Your dataset is large and doesn't fit entirely in memory
You only want to read a portion of your dataset for each query
You access your data via HTTP(S)
Your data lives in the cloud on object storage such as AWS S3

This overview describes the DuckDB file format, but thanks to DuckDB's partial reading support, these techniques can be generally applied to nearly any columnar file format or database. This is a great way to speed up querying Apache Parquet files on remote endpoints – including data lakes!

Stay tuned for a subsequent post covering advanced multi-column sorting!

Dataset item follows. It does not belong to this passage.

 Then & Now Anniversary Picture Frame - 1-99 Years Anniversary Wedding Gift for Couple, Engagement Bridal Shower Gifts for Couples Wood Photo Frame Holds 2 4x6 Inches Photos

How Does the DuckDB Format Help?

Let's build up some intuition around the structure of the DuckDB file format! DuckDB stores data in a single file. Each file is called a database (the DuckDB library is the database engine).

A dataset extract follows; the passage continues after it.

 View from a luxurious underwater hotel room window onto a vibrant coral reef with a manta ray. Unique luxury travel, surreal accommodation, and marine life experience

DuckDB File Format Overview Diagram: Database

Each database file can store multiple tables, views, functions, indexes, and primary/foreign key relationships all in the same file. This has some key advantages for portability, but it also allows for the storage of more than just data – metadata can be stored as well. This metadata allows for the DuckDB engine to selectively read just portions of the DuckDB file as they are requested, which is key for handling larger than memory datasets and for the performance optimizations in this post!

DuckDB stores data in a columnar fashion (meaning that values within a column are stored together in the same set of blocks). However, columnar does not mean storing the entire column contiguously! Before storing data, DuckDB breaks tables up into chunks of rows called row groups. Each row group is 122 880 rows by default.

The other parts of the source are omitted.